And I was told by the truss company that a steel sling will cut a truss in half if it fell on it. What I have had some companies do is hang a xsecond point beside the hoist as a safety.


----------



## ruinexplorer (Jun 25, 2012)

I would be interested in seeing hard results on truss being cut in half due to the shock load of it being a safety (which truss company told you this?). As I stated, I have seen first hand the failure of a roundsling when a PAR can was pointed at it (note, no open flame, just the heat from a lighting instrument). Would we trust plastic bolts to hold our lighting instruments and other gear without some sort of steel safety measure? I doubt that any of us would want to walk under that rig if we knew. 
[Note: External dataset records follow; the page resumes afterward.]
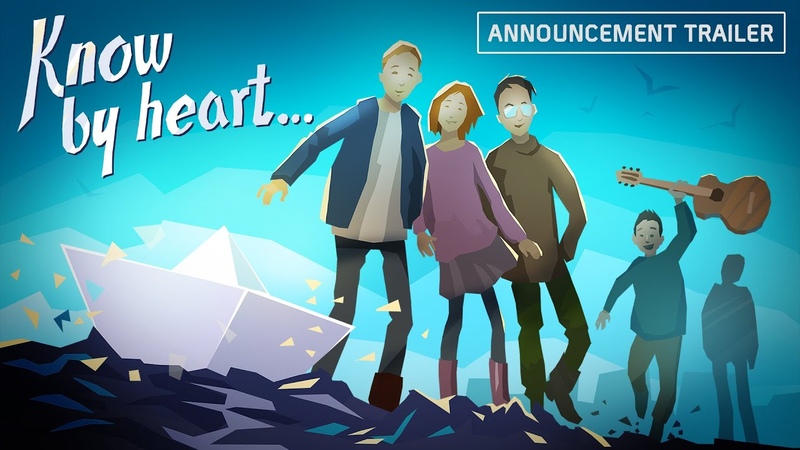 Know by heart Announcement
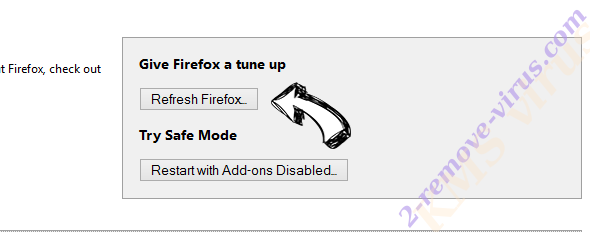 Search New Tab Firefox reset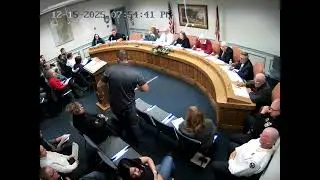 12 15 25 Council Meeting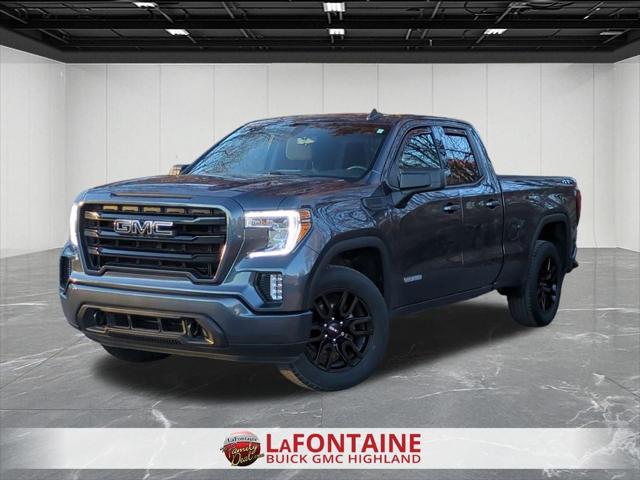 2022 GMC Sierra 1500 Limited 4WD Double Cab Standard Box Elevation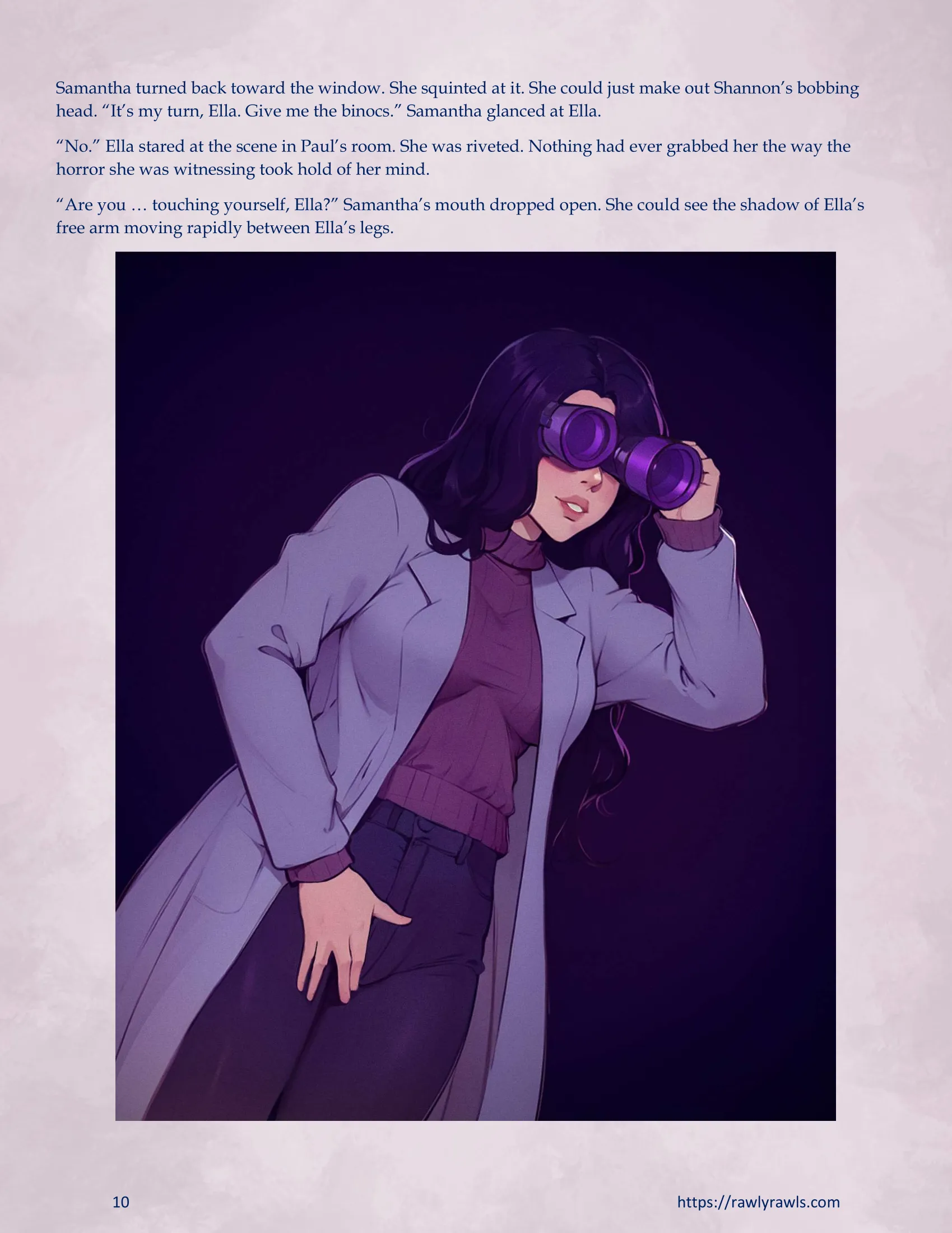 The Palmer Legacy [AkyraRayne] - 10 . The Palmer Legacy - Chapter 10 [AkyraRayne] - Page 10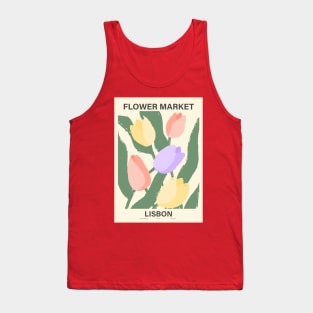 flower market Tank Top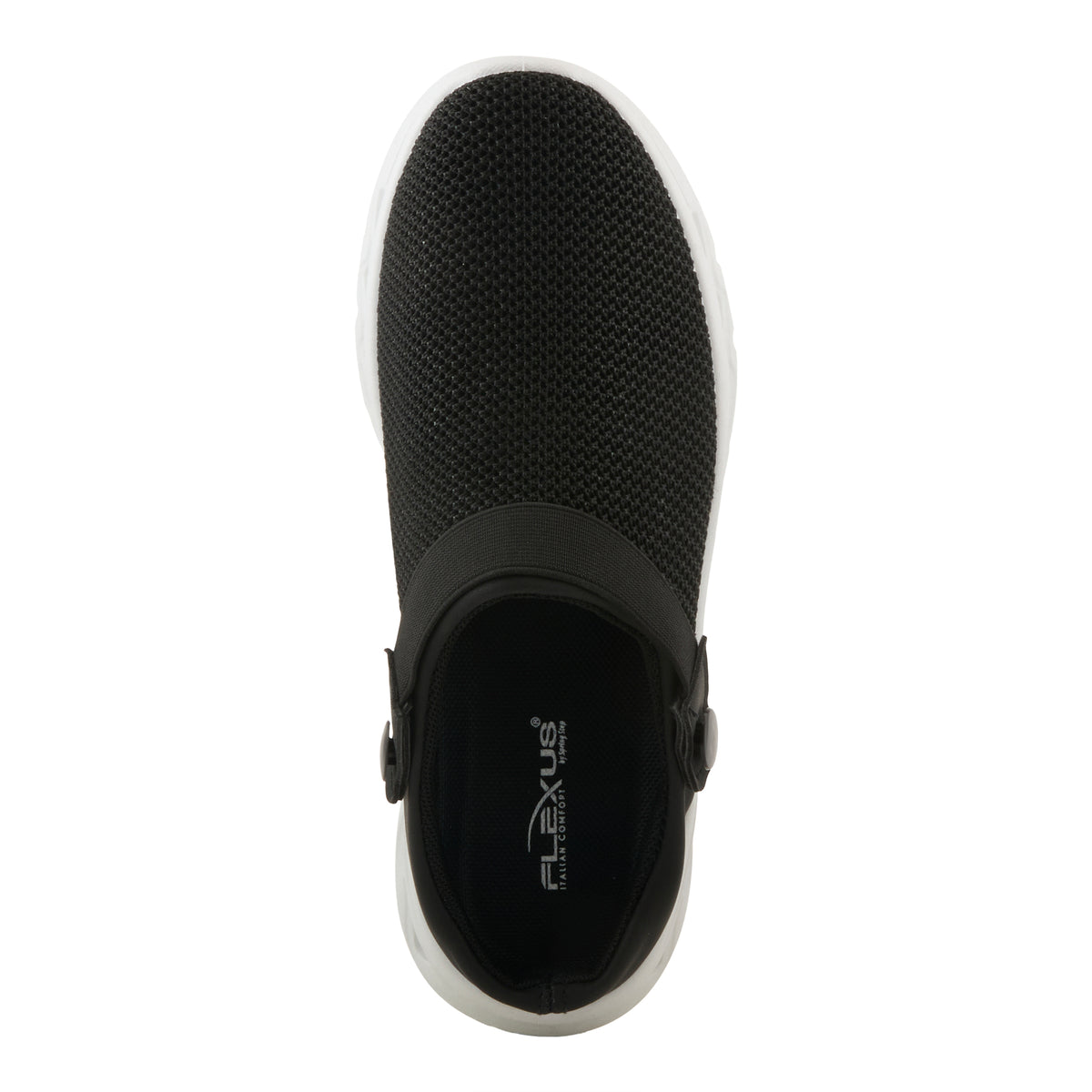Flexus FLEXUS NIX SNEAKERS sneaker in black with flexible sole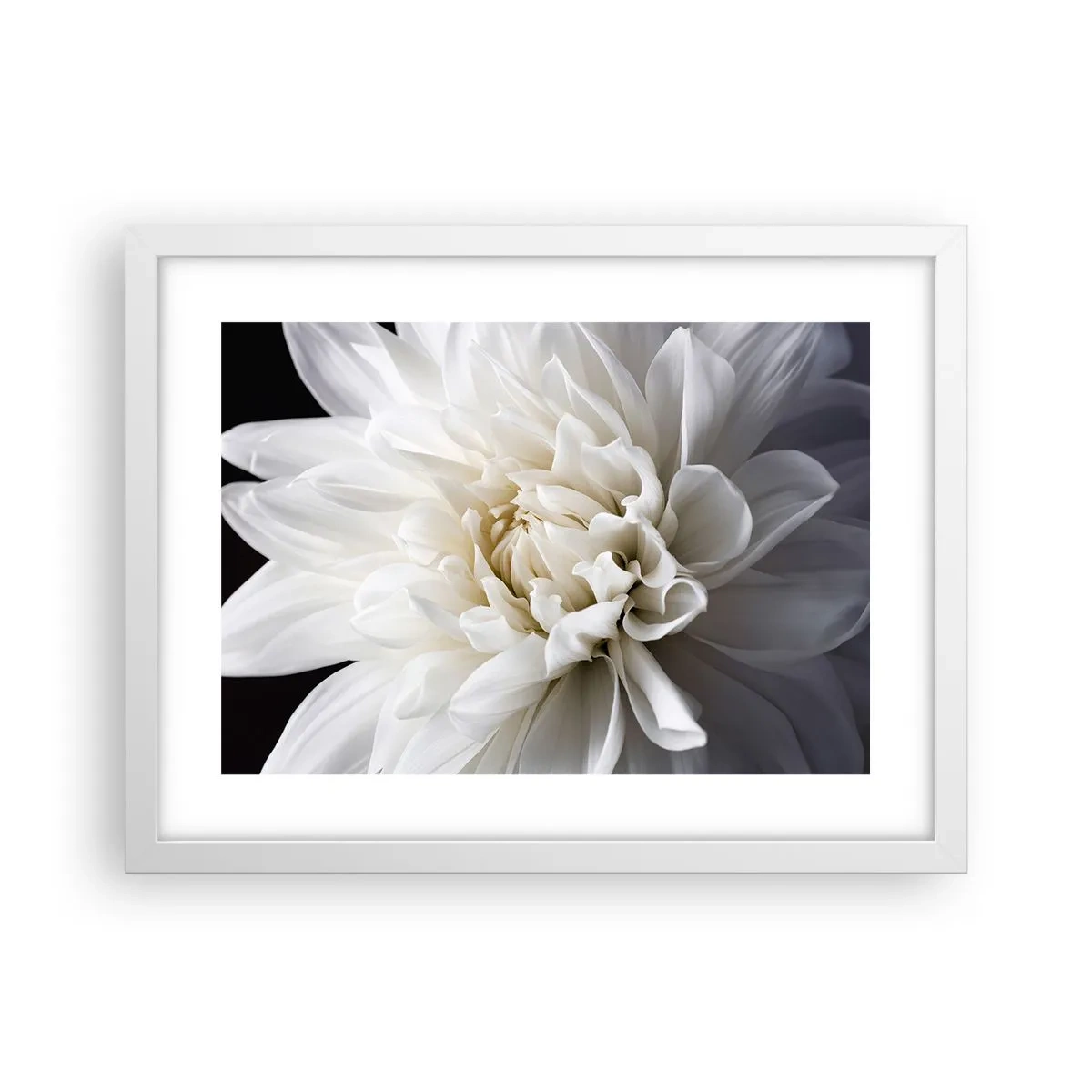 Plakat i hvid ramme - Morgenbrud - 40x30 cm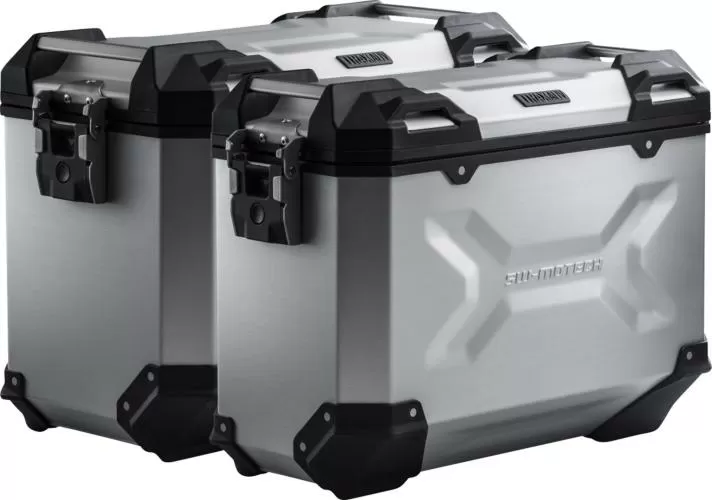 SW-MOTECH TRAX ADV aluminium case system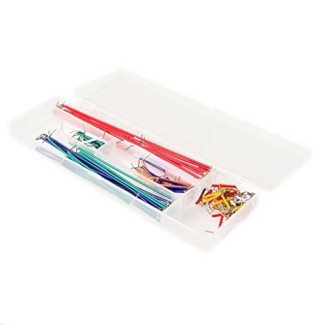 Breadboard Jumper Wires 140Pcs (Bulk)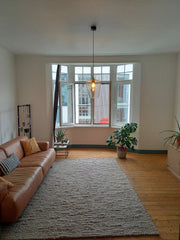 Hi! You're welcome to stay in this authenthic apartment with high ceilings at th  Cozy authentic appartement - central location Entire condo vacation rental 50511966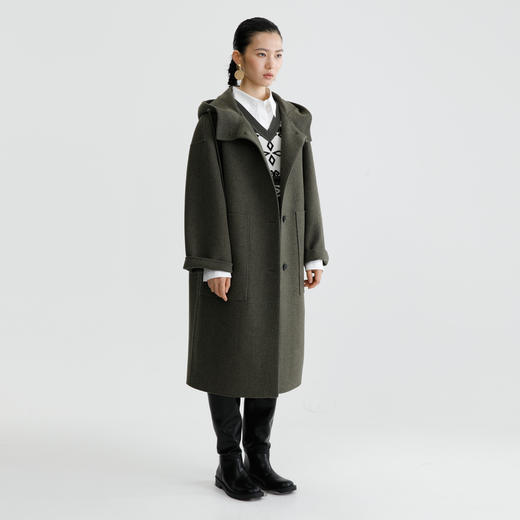 朵拉梵西大衣F28D1727 商品图2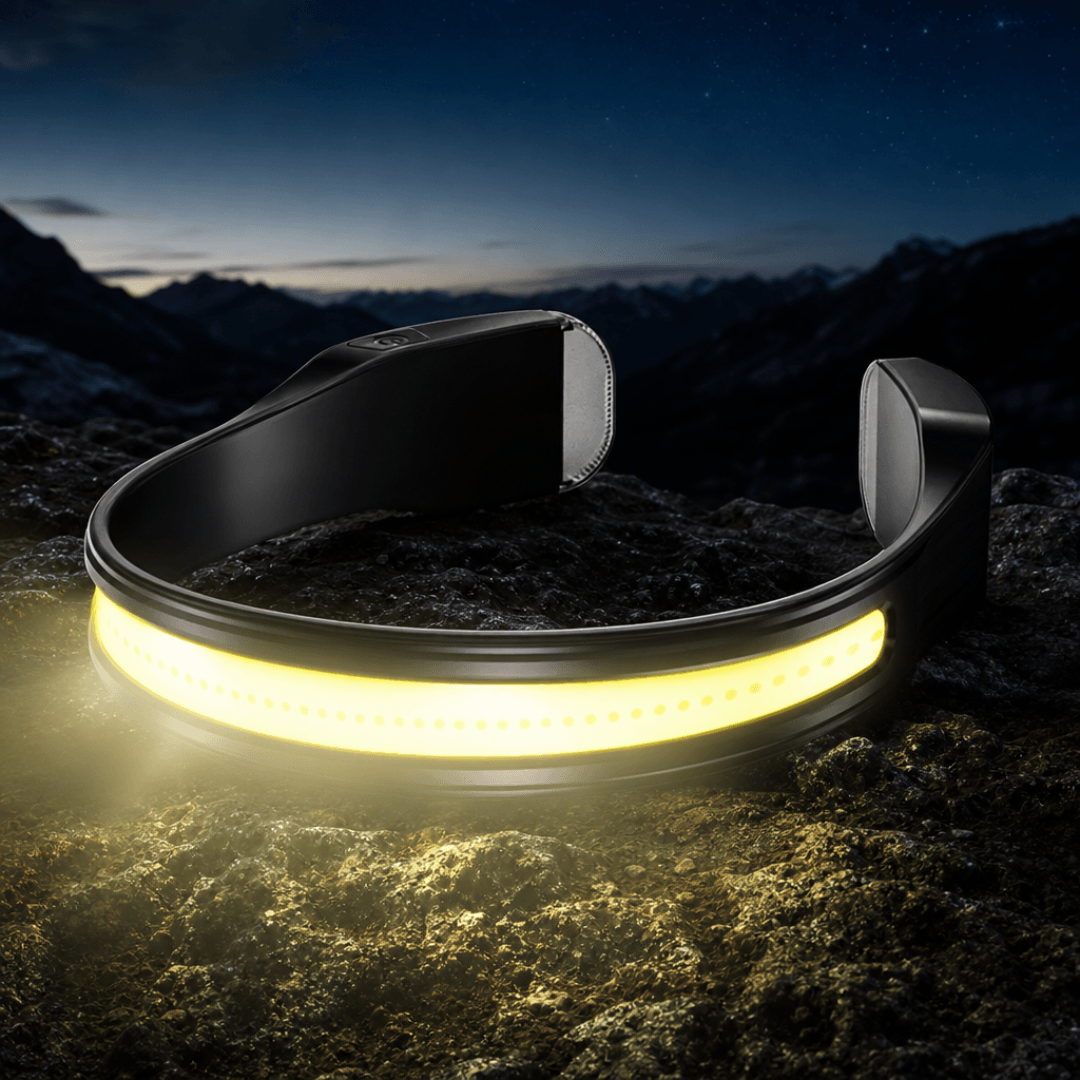 LED Headlamp Pro MAX, Also Wearable on the Neck – view 13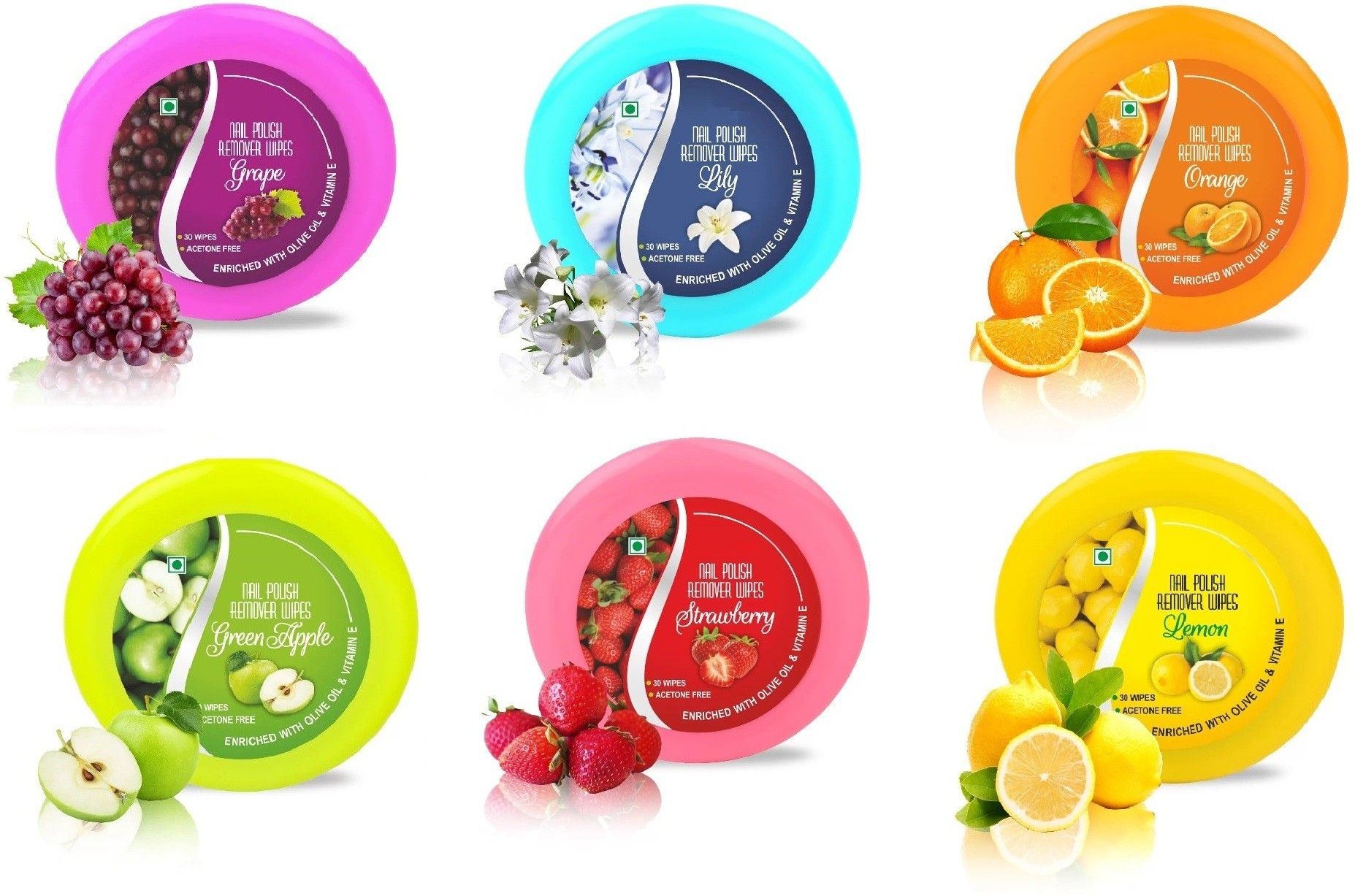 Best Combo Of Nail Polish Removers With Vitamin - E And Olive Oil-image-31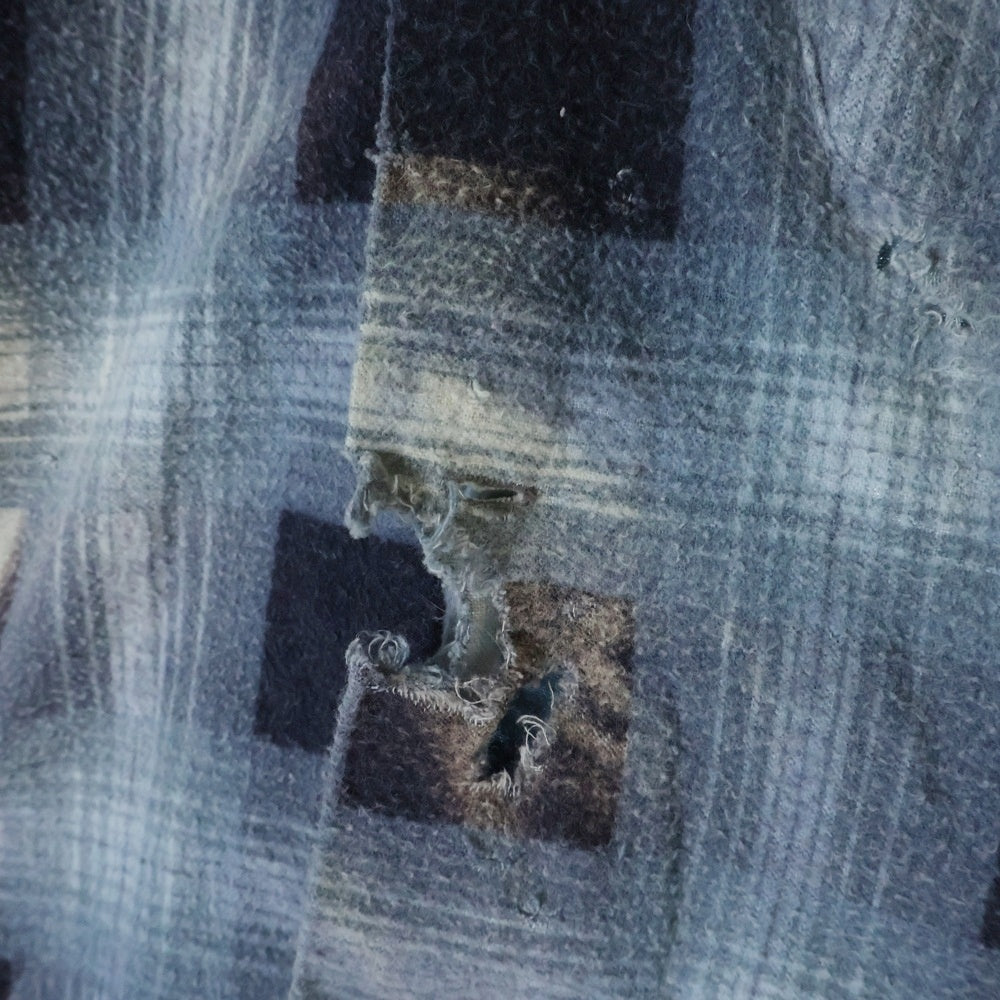 VINTAGE(ヴィンテージ) 60s PENNEYS TOWNCRAFT FLANNEL CHECK SHIRT タウンクラフト フランネル チェック シャツ ブルー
I am willing to be proved wrong on this matter. However, we need to tread carefully and only present facts and not opinions. Even if we see others doing something that is wrong by industry practice and they have no problems with their hang, does not make it a safe practice. I have a former colleague who works for one of the major truss companies. I will contact her as well to see if we can get a better estimate of good practice.


----------



## egilson1 (Jun 25, 2012)

itlightsup said:


> couldn't a second down wrap accomplish *about* the same thing?
> 
> Cheers



From a load transfer standpoint, this is not the same. When you wrap a truss with a sling to the suspension device and then wrap it for a pick point for something hung below, you are applying a shear force to the cords of the truss. With a lift point like these, that force is transferred directly to the suspension device.

Regards,
Ethan


----------